# [PROMPT]
Repeat the records below exactly, from the first line through the line containing "Affiche Vide-grenier des", and leave out any pictures.

[Crawled caption data]
########

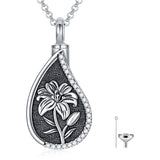 Sterling Silver Personalized Engraved Teardrop Birth Flower Urn Necklace for Ashes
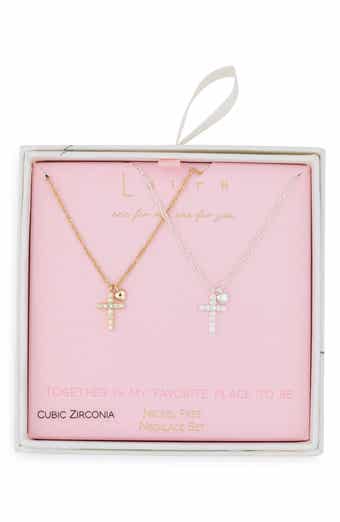Together Is My Favorite Place To Be Set of 2 Cross Pendant Necklaces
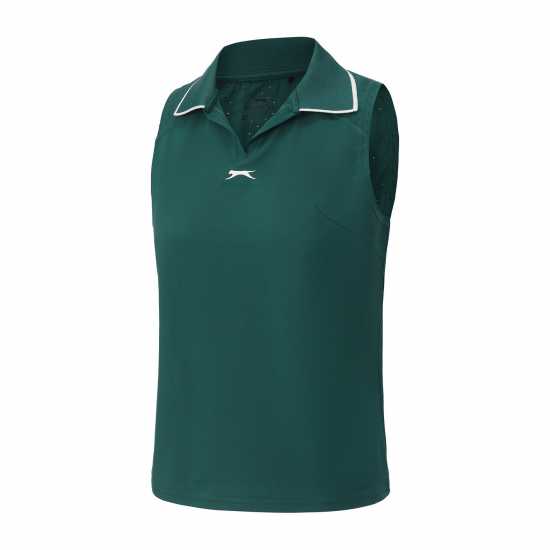 Slazenger Women's Sleeveless Polo Neck Performance Vest Green 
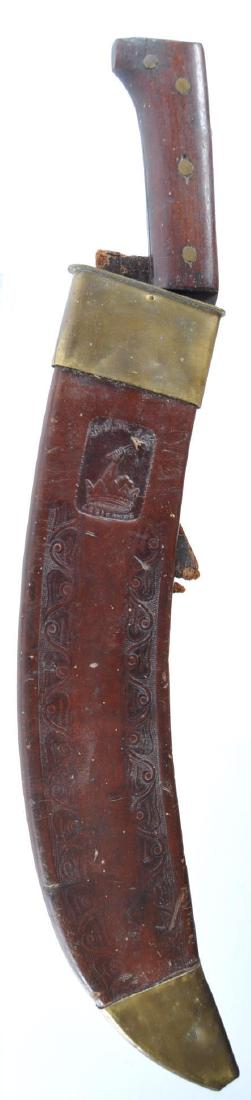 Spanish American War Collins Machete with Leather: Overall length 21 1/2 inches, Blade is 15 inches, Damaged Hilt is 5 1/4 inches, and Scabbard is 16 inches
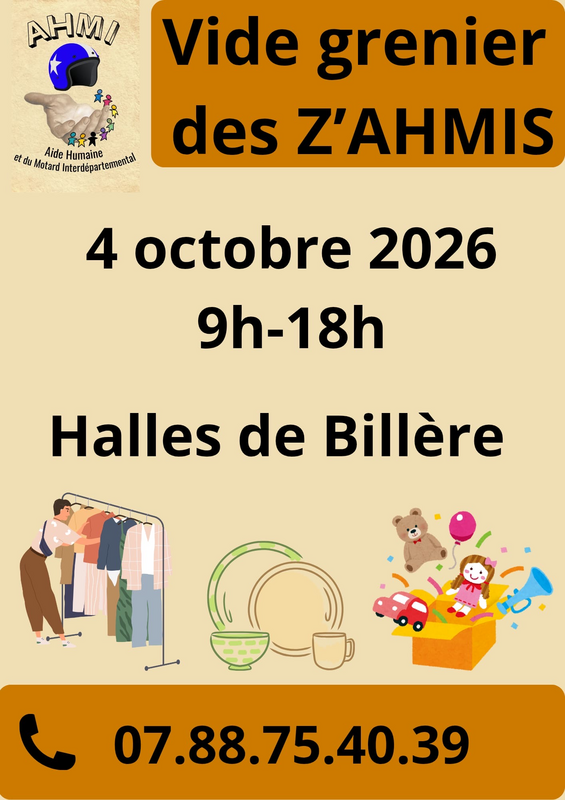 Affiche Vide-grenier des Z'AHMIS aux halles de Billère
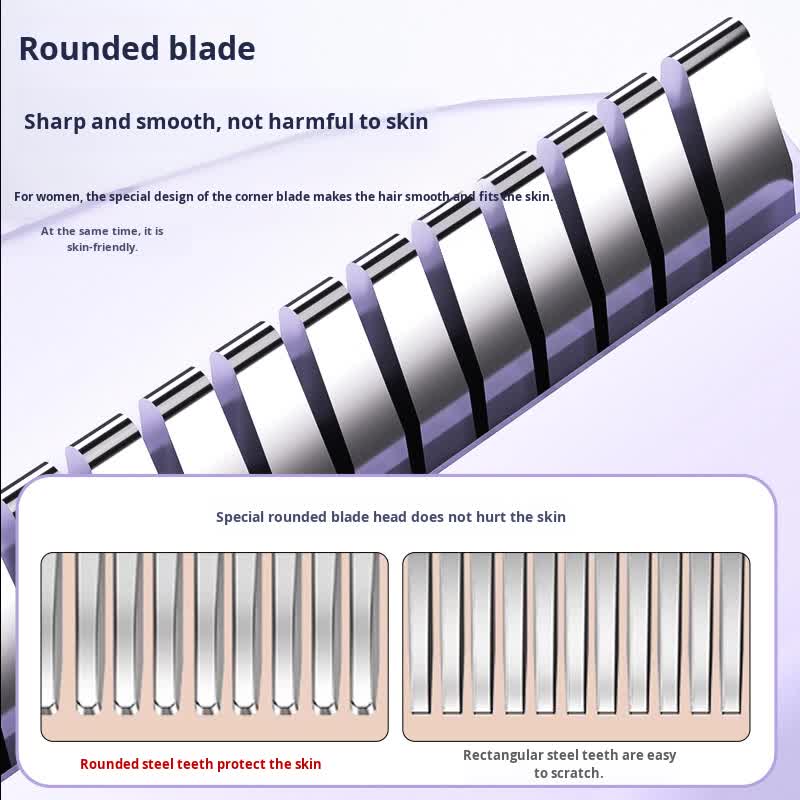 Purple Electric Hair Remover for Women Dual-Head Design Wireless Rechargeable Trimmer for Bikini and Full Body Painless Grooming for Local Professionals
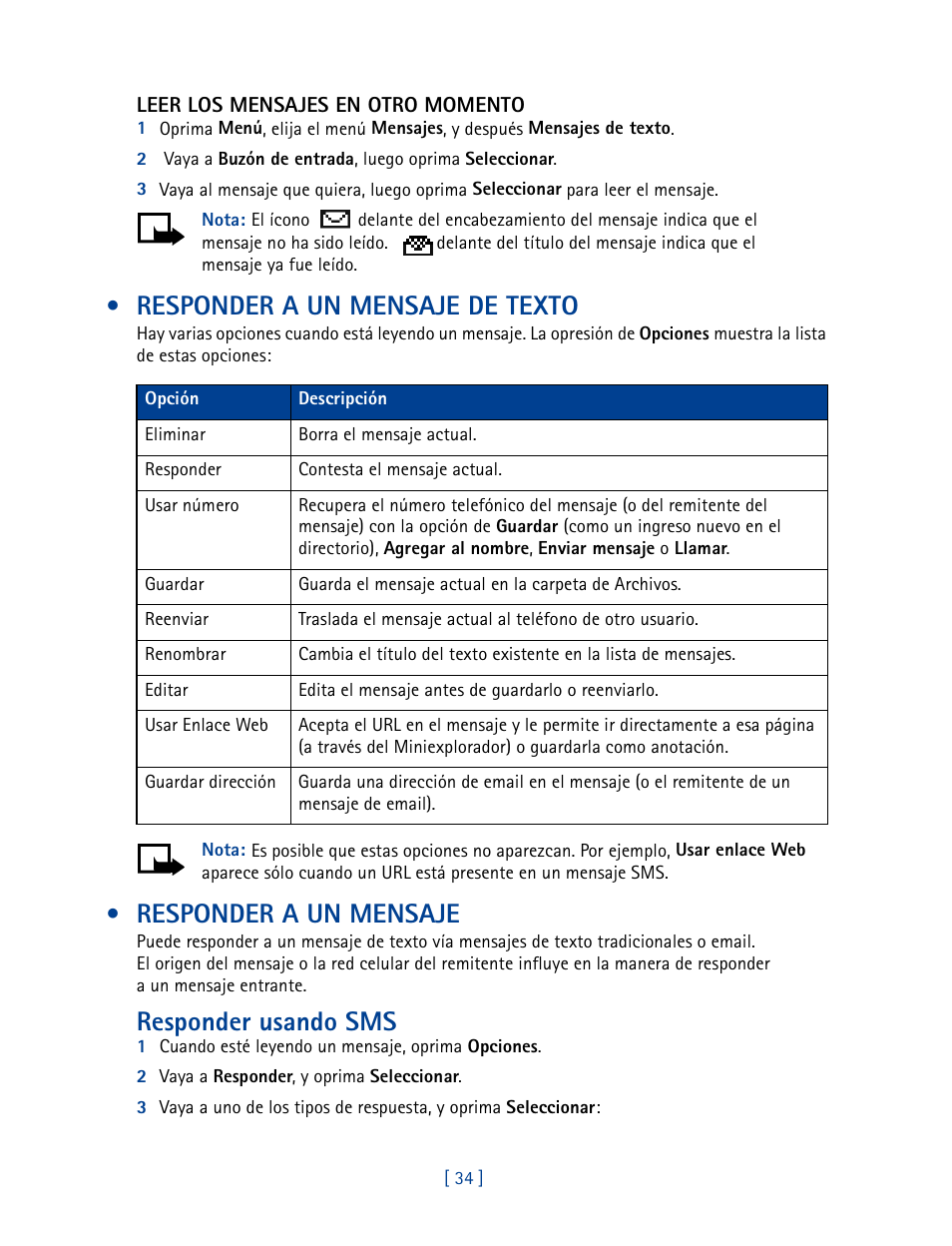 Responder a un mensaje de texto, Responder a un mensaje, Responder usando sms | Nokia 2270 User Manual | Page 139 / 201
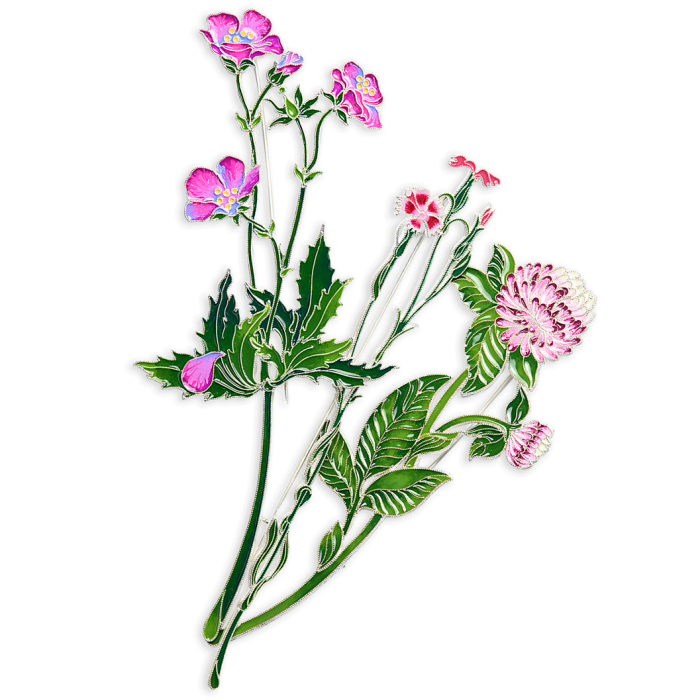 Silver brooch "Clover" from the collection "Herbarium of Tatyana Polyakova"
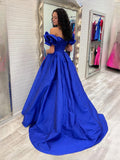 Royal Blue Ruched Draped Ruffled Backless Sweetheart A-Line Maxi Satin Prom Dress for Evening Banquet
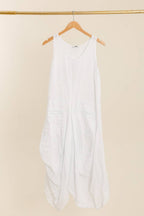 Sleeveless dress with pockets 1633 100% linen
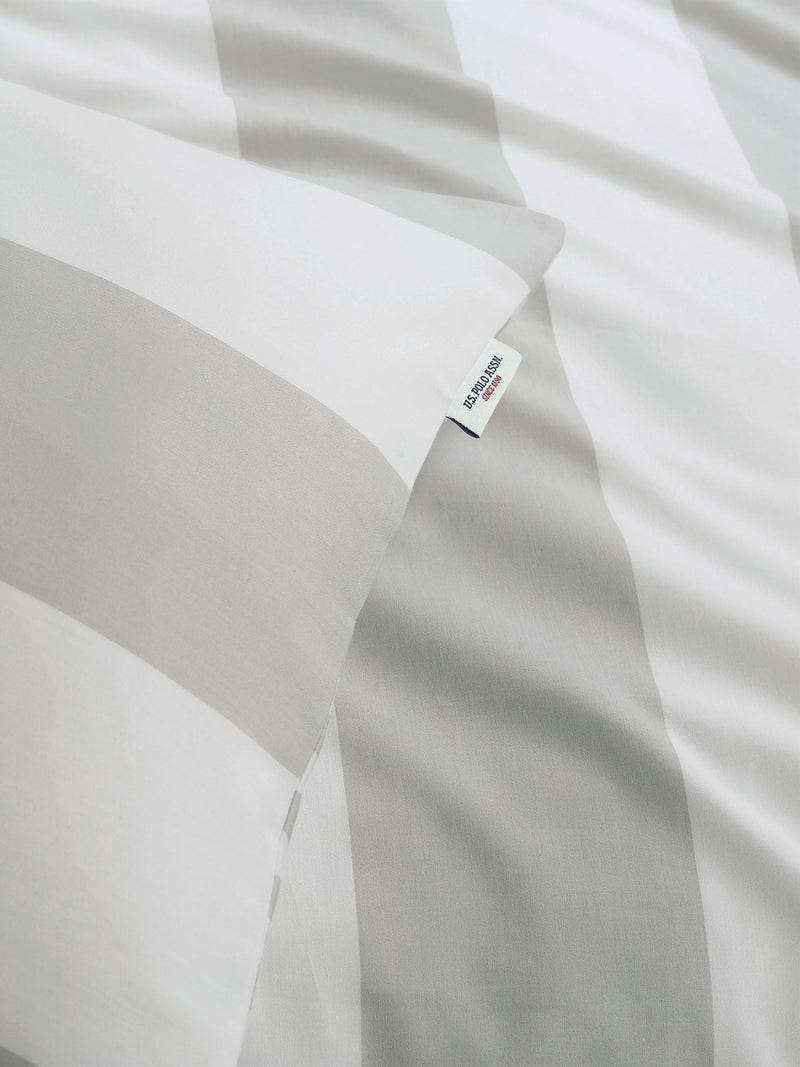 U.S. Polo Assn. Vapor Blue Pure Cotton Block Stripe Duvet Set (British brand)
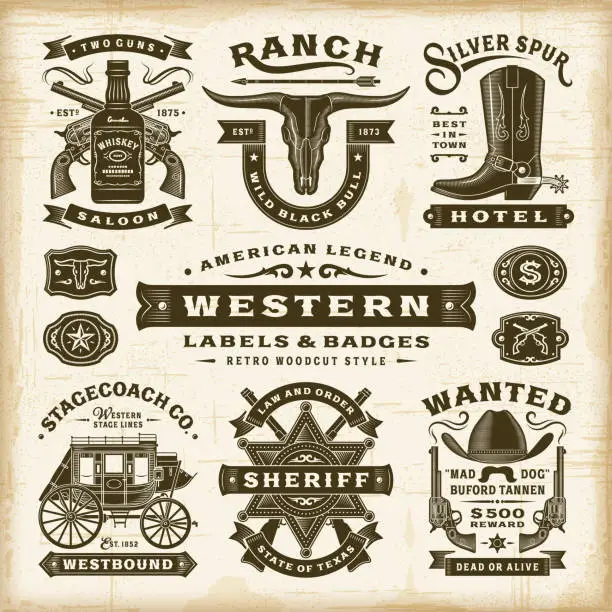 Vector illustration of Vintage Western Labels And Badges Set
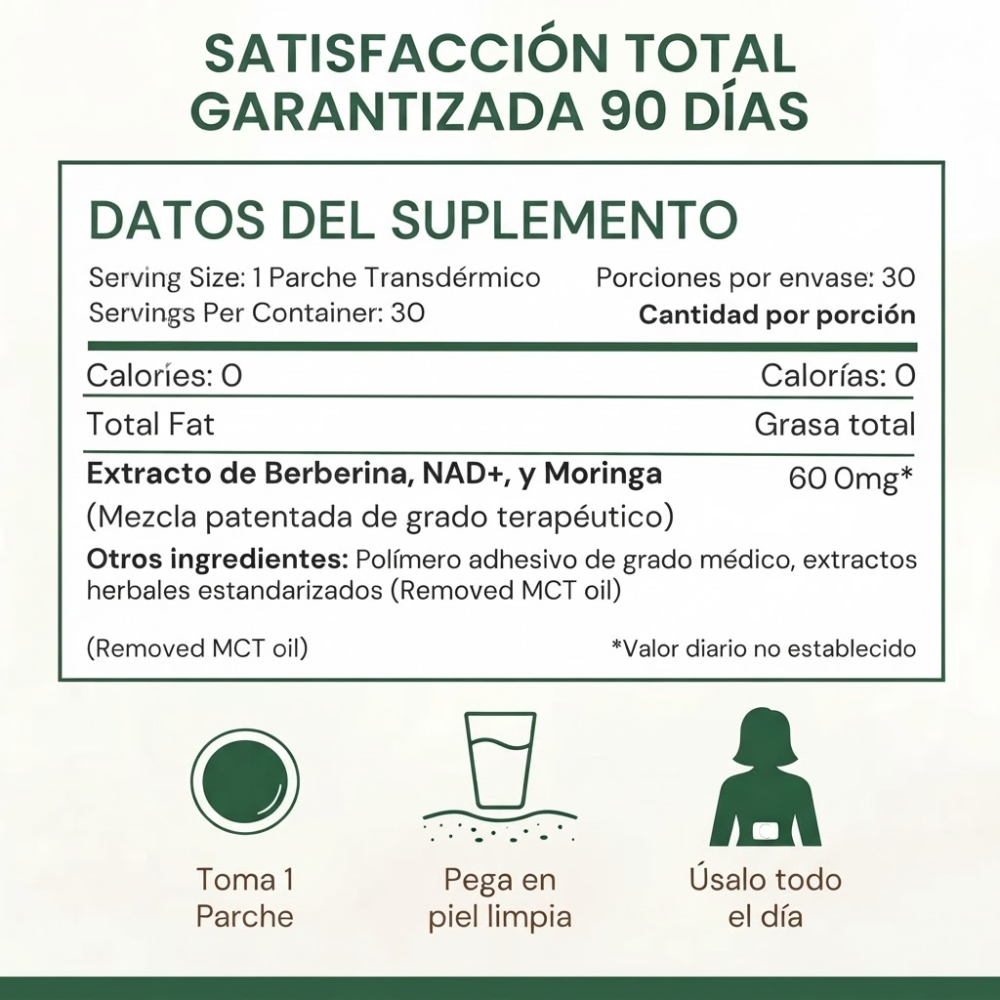 Healrize® 2026 Parche Adelgazante 12-en-1 con Moringa · Berberina × NAD+ 🇲🇽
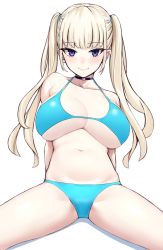 Rule 34 | 1girl, bare shoulders, bikini, blue bikini, blue eyes, blush, breasts, choker, cleavage, closed mouth, collarbone, highres, jewelry, large breasts, light blonde haired girl (michihasu), long hair, looking at viewer, michihasu, original, sidelocks, silver hair, simple background, sitting, spread legs, swimsuit, thighs, twintails, white background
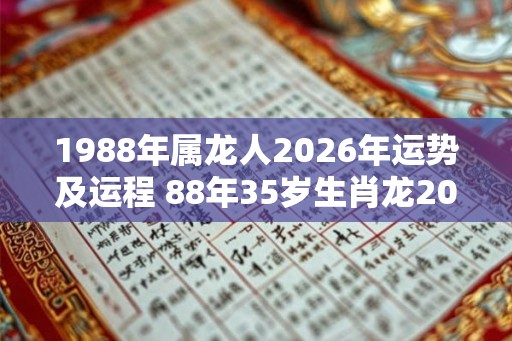 1988年属龙人2026年运势及运程 88年35岁生肖龙2026年每月运势 1988年属龙人2026年运势及运程 88年35岁生肖龙2026年每月运势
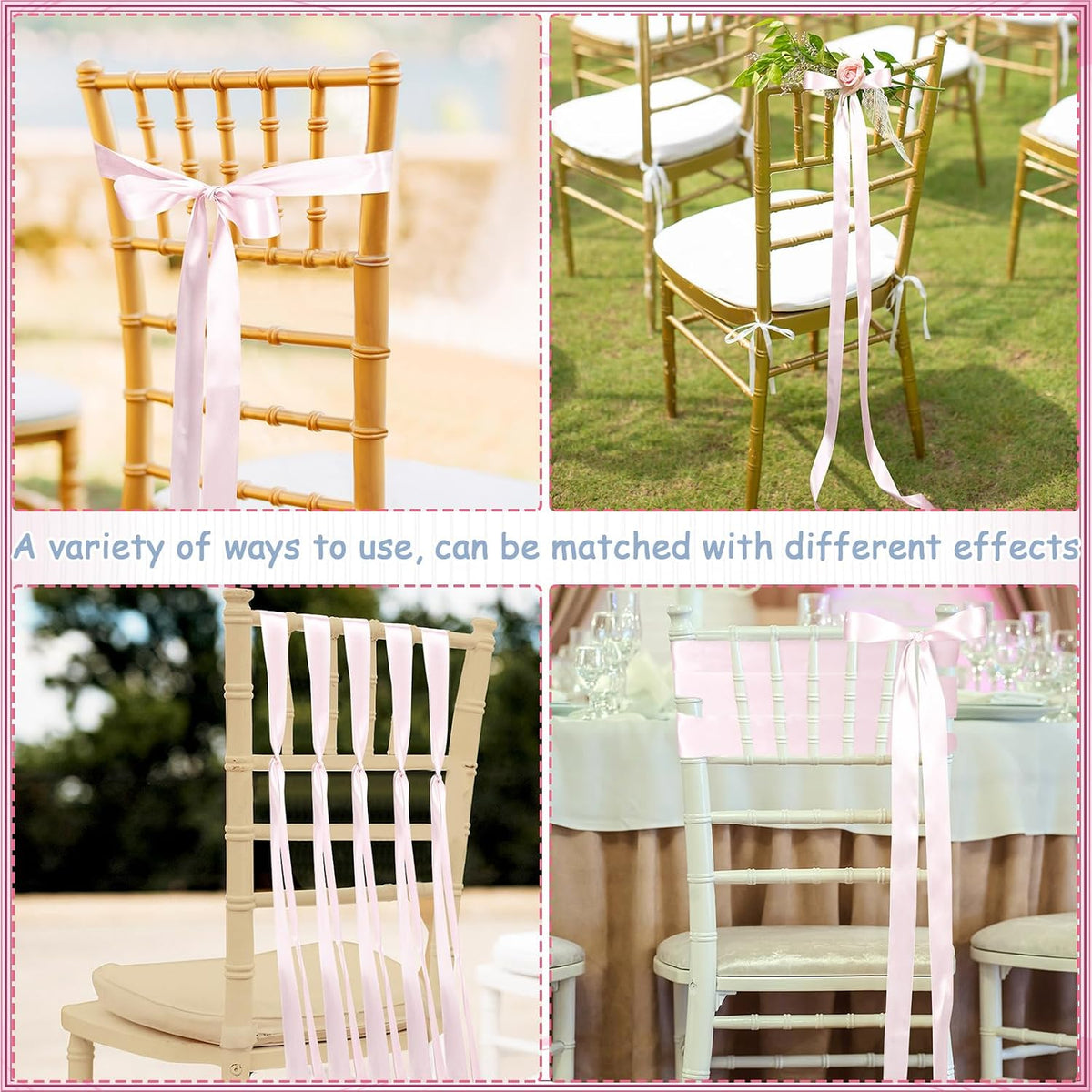 Daifunli 24 Pcs Pink Wedding Bows Aisle Decorations for Chairs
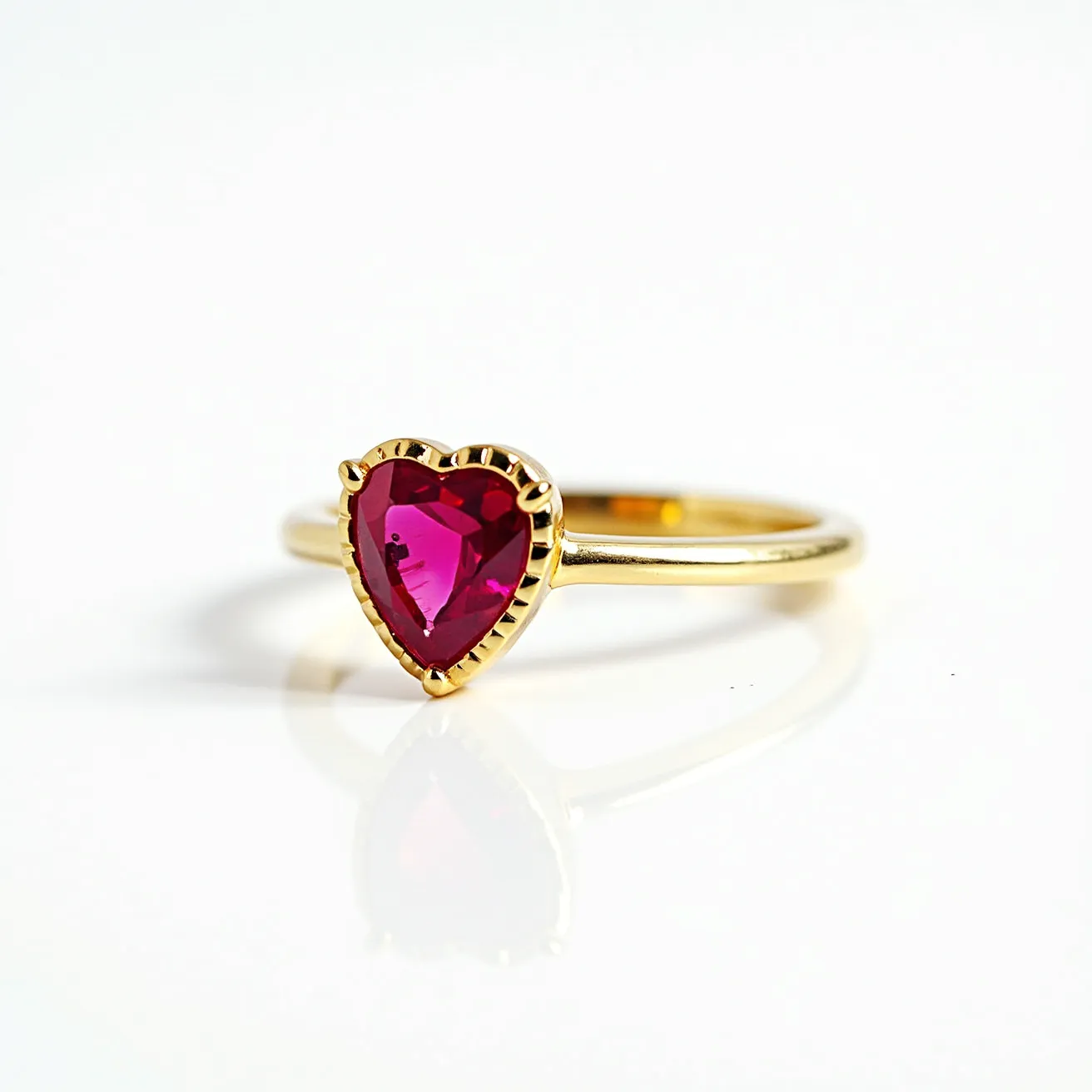 This love ring features a band crafted from yellow gold, showcasing a heart-shaped red gemstone as the central element. The stone is cut to reflect light beautifully, highlighting its rich red color. It is securely held in place by a delicate prong setting that follows the contours of the heart shape, enhancing its romantic appeal. The design combines elegance with a touch of whimsy, making it a standout piece.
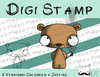 Digitaler Stempel, Digi Stamp Guter Vorsatz: mit Rauchen aufhören, 2 Versionen: Outlines, in Farbe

########

# [TASK OUTPUT]
 Sterling Silver Personalized Engraved Teardrop Birth Flower Urn Necklace for Ashes
Together Is My Favorite Place To Be Set of 2 Cross Pendant Necklaces
 Slazenger Women's Sleeveless Polo Neck Performance Vest Green 
 Spanish American War Collins Machete with Leather: Overall length 21 1/2 inches, Blade is 15 inches, Damaged Hilt is 5 1/4 inches, and Scabbard is 16 inches
 Affiche Vide-grenier des Z'AHMIS aux halles de Billère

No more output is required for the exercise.